The question to ask is would the central bank have raised rates earlier if the 2013 base core-inflation index was used? The answer is probably not.
All this shows that Sri Lanka cannot even construct a useful inflation index and using the existing indices are likely to drive the country into a BOP crisis. And then high inflation after the currency collapses.
Core inflation indices are misleading to use in any monetary regime.
The US Fed for example targeted core inflation while commodity prices soared, generating the Great Recession. In a country with a managed exchange rate (soft-peg) targeting a core-inflation index is suicidal.
Supply Shock Deception
In fact Ben Bernanke is a great proponent of another whopper. That so-called ‘supply shocks’ cannot be countered by monetary policy.
Governor Indrajit Coomaraswamy, without doubt a highly capable and outstandingly honest person, has also fallen for this. He has blamed coconuts for 2017 inflation.

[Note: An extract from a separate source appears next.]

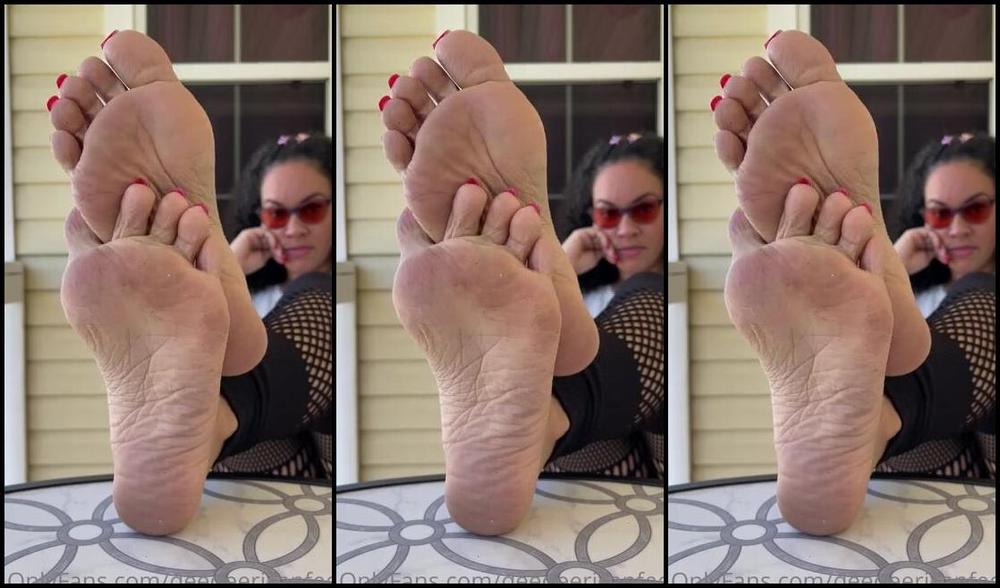 Deedeericanfeet Onlyfans Not A Request Feet Propped Wit Semi Dirty Soles And One Of My Fav Vids Outside On My Porch Thi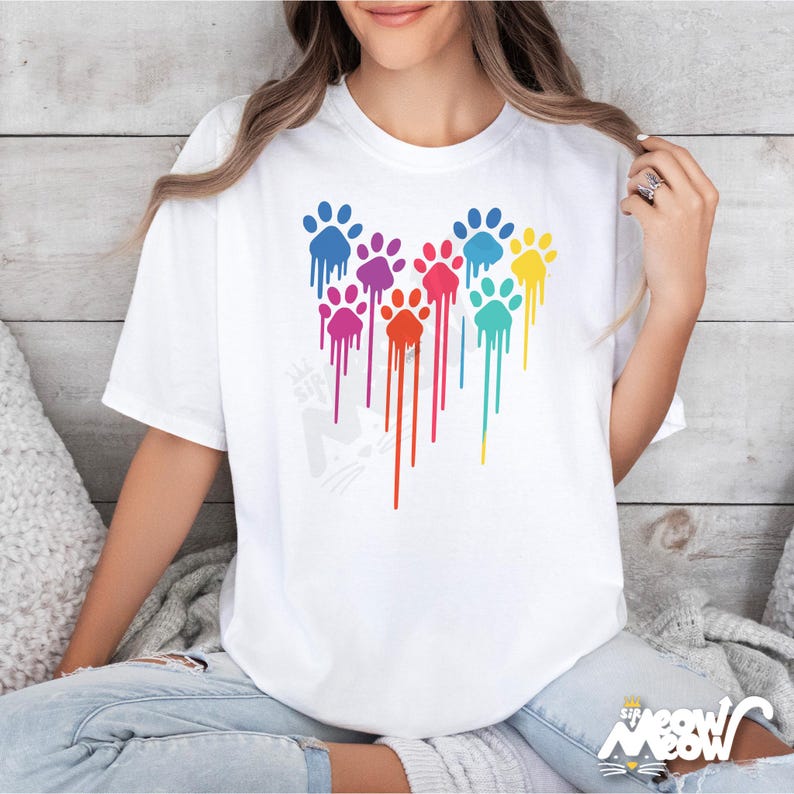 Camiseta con estampado de corazón y pata de arcoíris - Comfort Colors Tee White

No economist or Mercantilist of any repute has claimed that half the inflation is caused by cost-push and half or some other percentage by demand. Mercantilists, James Stuart, John Law onwards, claimed that all inflation was caused by cost factors.
They argued that money supply had little do with it. Of course claims ‘money supply has little to do with inflation’ are again creeping into the discourse as linear statistical relationships between chosen money supply variables and inflation become harder to find.
Money supply, classical Mercantilists argued, adjusted to price increases not the other way around.
Bernanke’s duplicity on supply shocks is easily revealed.
While claiming that supply shocks cannot be contained by monetary policy, he and Greenspan conveniently printed more money amidst productivity gains from technological developments, and muted commodity prices from 2000 onwards, helping create the mother of all liquidity bubbles and the Great Recession.
In other words, these central bankers are quite willing to print money with loose policy to create more inflation in the face of a ‘positive supply shock’. But they are remarkably unwilling to counter a ‘negative supply’ shock with tight policy.
It is through such deceptions that central banking is kept on.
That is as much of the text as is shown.